Long past midnight on the last day of the legislative session, a hasty, quiet step on an obscure issue sowed the seeds of the stalemate now gripping the Capitol, blocking a special session and putting nearly 10,000 state workers at risk of layoffs.
It was 3 a.m. In a Capitol corridor, GOP House Speaker Kurt Daudt, a top aide for DFL Senate Majority Leader Tom Bakk and a few other legislative leaders were engaged in a tense conversation on a surprise amendment to allow counties to outsource audits.
Approved by the House, the measure — which would gut the role of the state auditor, Democrat Rebecca Otto — had never been heard in the Senate. Yet that night, Sens.

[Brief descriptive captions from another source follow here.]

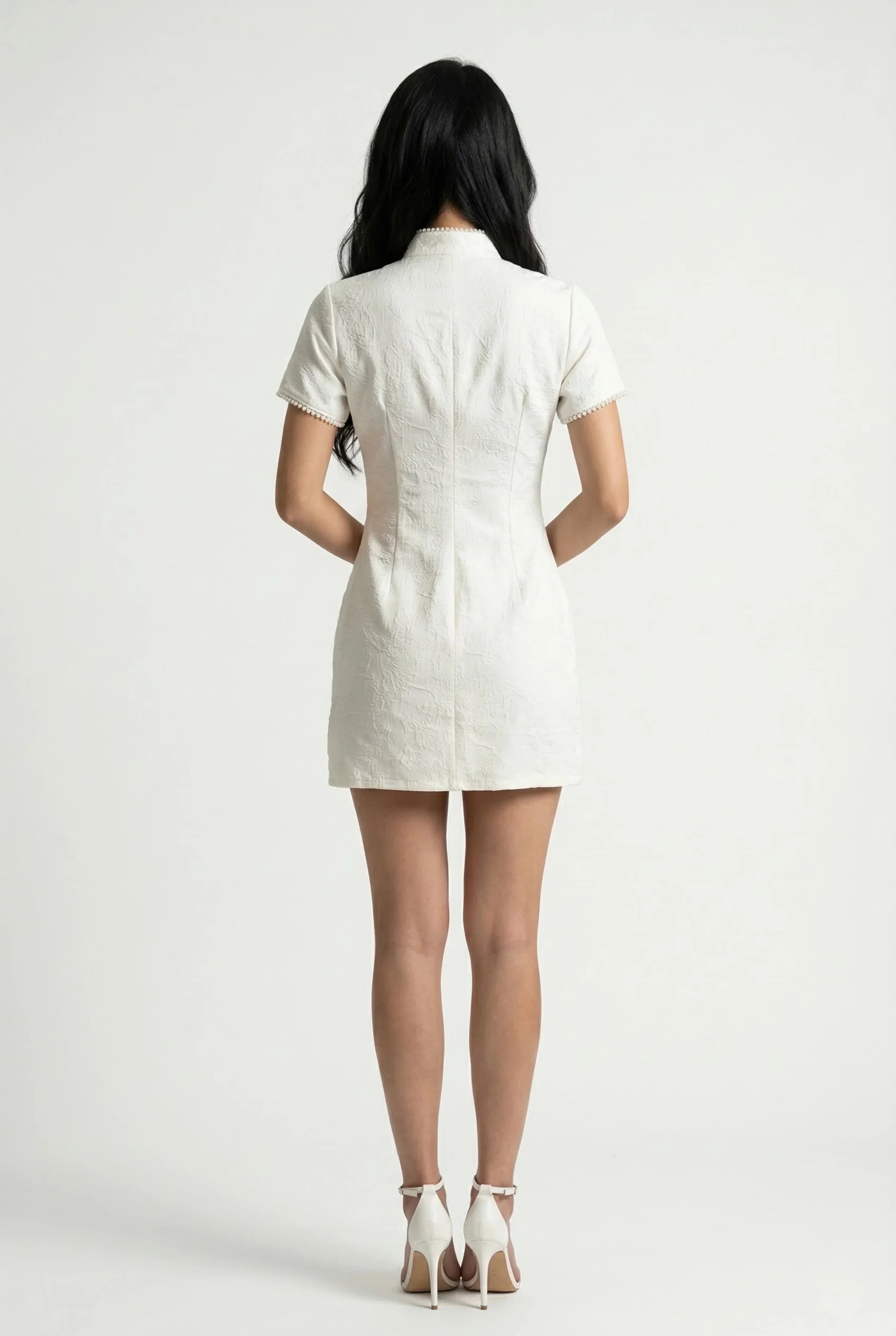 Back view of a form-fitting white playsuit with a traditional mandarin collar and elegant pearl detailing.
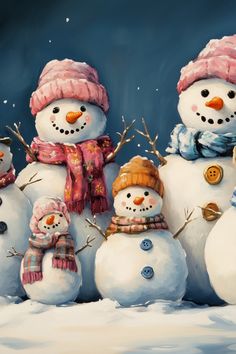 three snowmen with hats and scarves standing next to each other in the snow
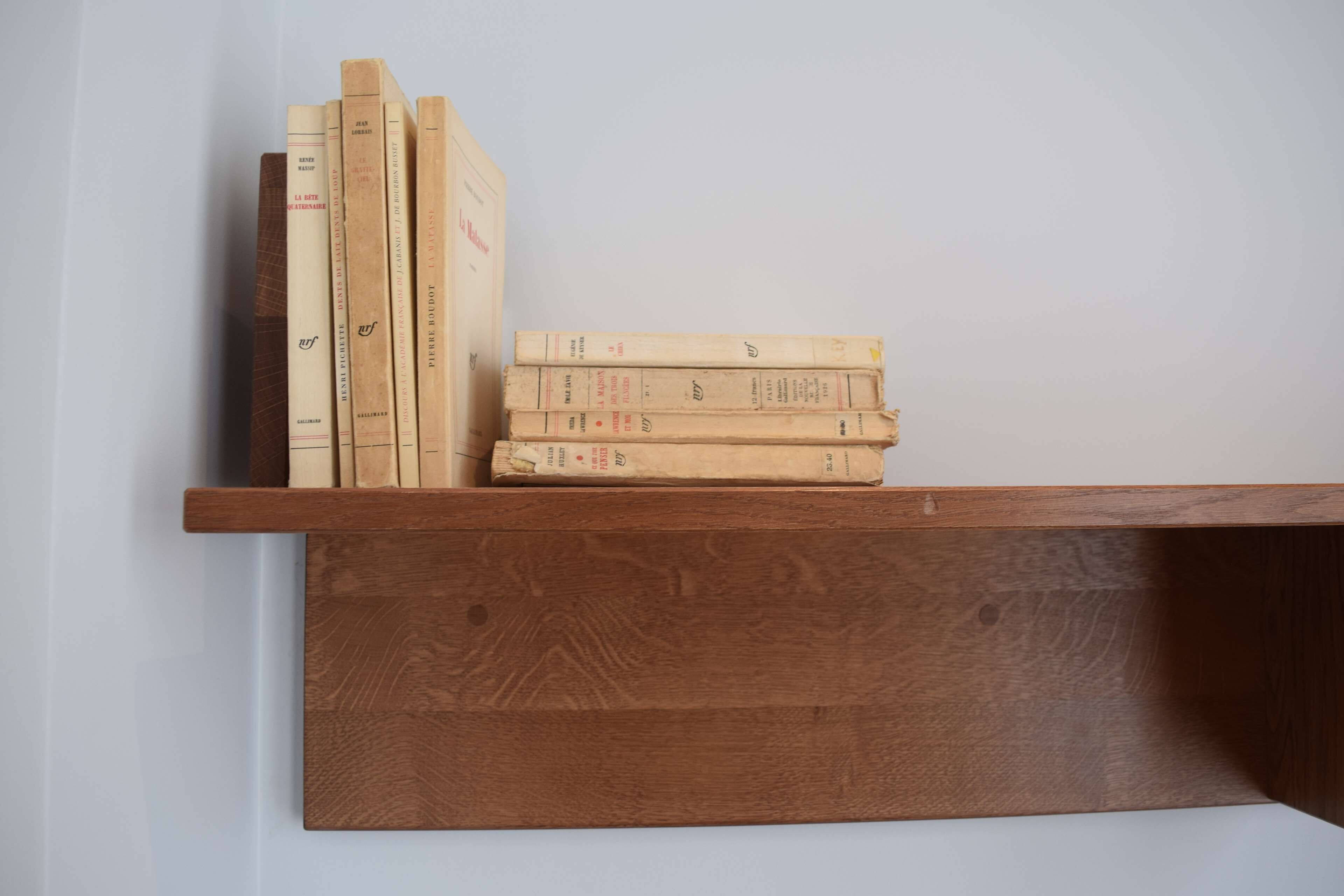 A wooden shelf with several books stacked on it.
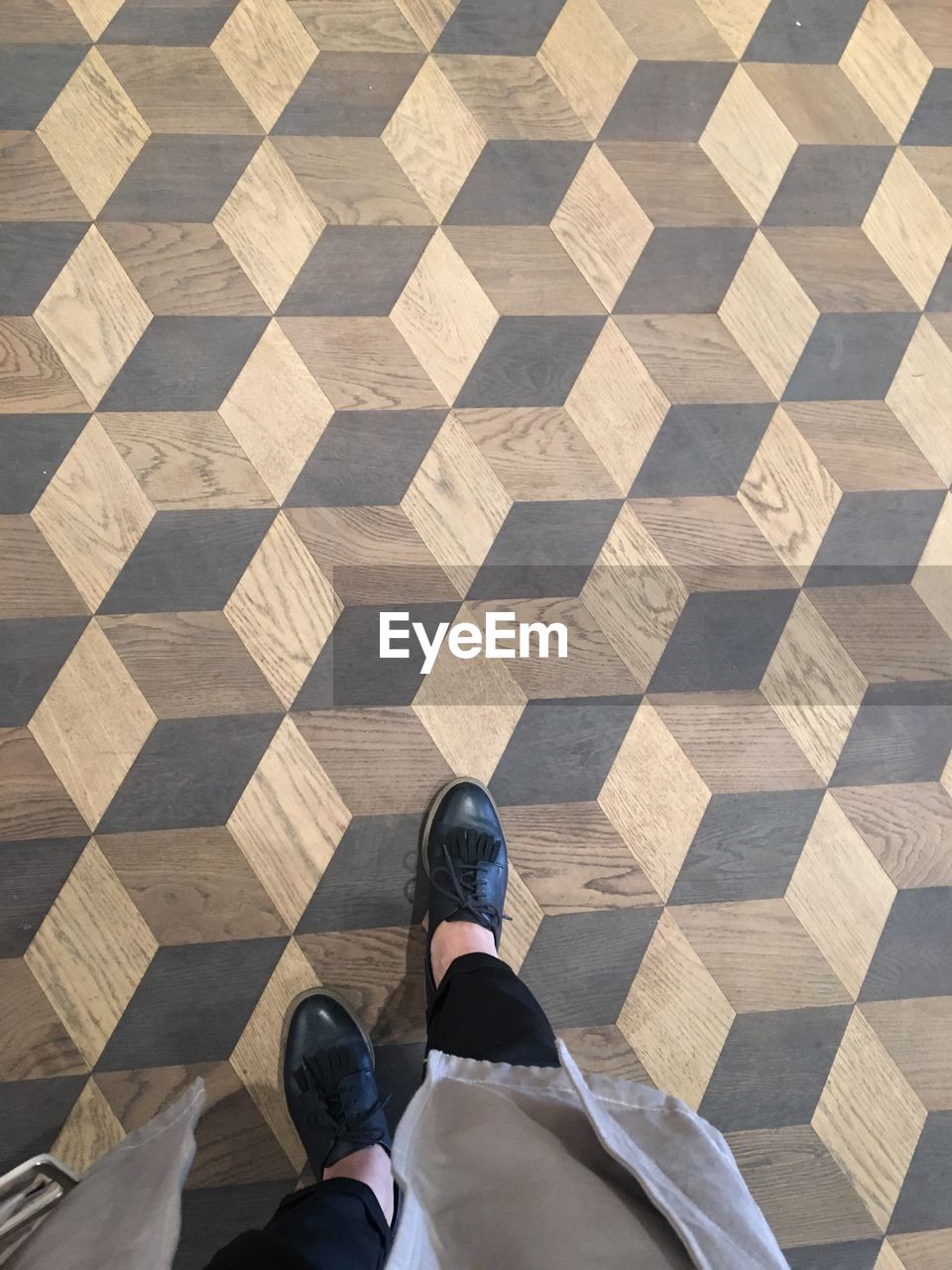 Low section of woman standing on tiled floor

Sandy Pappas and Jim Carlson, leaders of that bill's conference committee, were being instructed by Bakk's chief of staff, Tom Kukielka, to approve the controversial change.
"Do it," Kukielka said, according to one senator's recollection of the conversation. Pappas and Carlson told the Star Tribune that Daudt and Kukielka had insisted the change was a crucial part of top leadership's final agreement.
That single action triggered a chain of events culminating in the ongoing impasse and further exposing a rift between Bakk and Gov. Mark Dayton, who has vowed to protect the role of auditor, a post he held in the early 1990s.
The behind-the-scenes maneuvering that led to the policy change has surprised many at the Capitol, including Senate Democrats and even lobbyists for the counties, who say privatization was not their priority this year.
Some Democrats in particular are livid over the deal Bakk and Daudt apparently cut, saying they were pressured to vote for bills containing provisions they ordinarily never would have supported.
"Many of us feel disrespected, taken for granted, and that we were played for fools and pawns in some game of power that only a select few caucus members are playing," Sen. Scott Dibble, DFL-Minneapolis, wrote to Bakk last week in an e-mail obtained by the Star Tribune.